What Great Professional Learning Actually Looks Like
- Shaunice Sasser
- Jun 5
- 5 min read
Executive Summary
Professional learning remains one of the largest investments schools and districts make in educator development, yet many educators leave professional development sessions feeling overwhelmed, disconnected, or frustrated. Too often, professional learning is measured by attendance, hours completed, or compliance requirements rather than meaningful changes in educator practice.
Great professional learning looks different. It is collaborative, job-embedded, personalized, and respectful of educator time. Rather than pulling educators away from their work, it helps them improve the work they are already doing. When professional learning is designed around authentic challenges, continuous growth, and implementation support, it becomes a powerful driver of educator effectiveness and student success.
The future of educator development is not more professional development. It is better professional learning.
AED Pillar Alignment
Primary Pillar: Instructional Excellence
Secondary Pillars:
Professional Growth
Leadership Development
Learning Innovation
The Problem: We Have Confused Activity with Impact
Walk into almost any school district and you will find a calendar filled with professional development days, workshops, conferences, webinars, and training sessions. Professional learning has become a routine part of the educational landscape.
Yet despite the time and resources invested, many educators continue to report that professional development often feels disconnected from their actual needs.
The issue is not a lack of opportunities to learn. The issue is the design of those opportunities.
For decades, professional development has largely been built around an event-based model. Educators gather in a room, receive information, complete required activities, and return to their classrooms expected to implement what they learned.
This approach assumes that exposure leads to improvement.
Research and experience tell us otherwise.
Learning does not occur because information was delivered. Learning occurs when knowledge is applied, reflected upon, refined, and integrated into practice over time.
Unfortunately, many professional learning experiences stop at exposure.
Why Traditional Professional Development Falls Short
Educators consistently identify several challenges with traditional professional development models.
Many professional development sessions focus on broad initiatives or theoretical concepts while educators are grappling with immediate instructional challenges.

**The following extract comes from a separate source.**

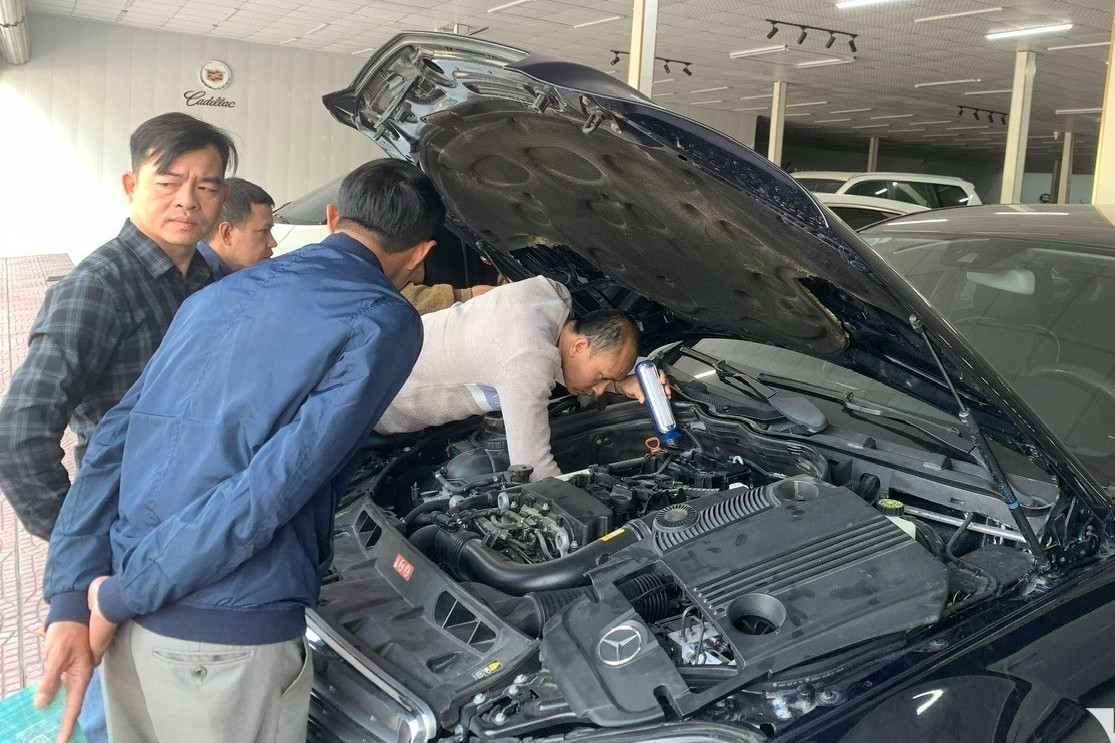 'Check xe' cũ: Chữ tín là yếu tố sống còn giữa thời mạng xã hội dễ gây 'bão'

Teachers want support with real students, real classrooms, and real problems. When learning lacks relevance to everyday practice, implementation suffers.
It Consumes Valuable Time
One of the most common frustrations educators express is not simply the content of professional learning—it is the timing.
Hours spent in workshops are hours not spent planning lessons, collaborating with colleagues, analyzing student work, communicating with families, or preparing for instruction.
Professional learning should create enough value to justify the time investment required. Too often, it does not.
It Assumes Everyone Needs the Same Thing
A first-year teacher and a veteran educator do not have identical learning needs.
An instructional coach and a classroom teacher do not face the same challenges.
Yet many professional development programs continue to rely on one-size-fits-all approaches that treat all educators as though they are at the same stage of development.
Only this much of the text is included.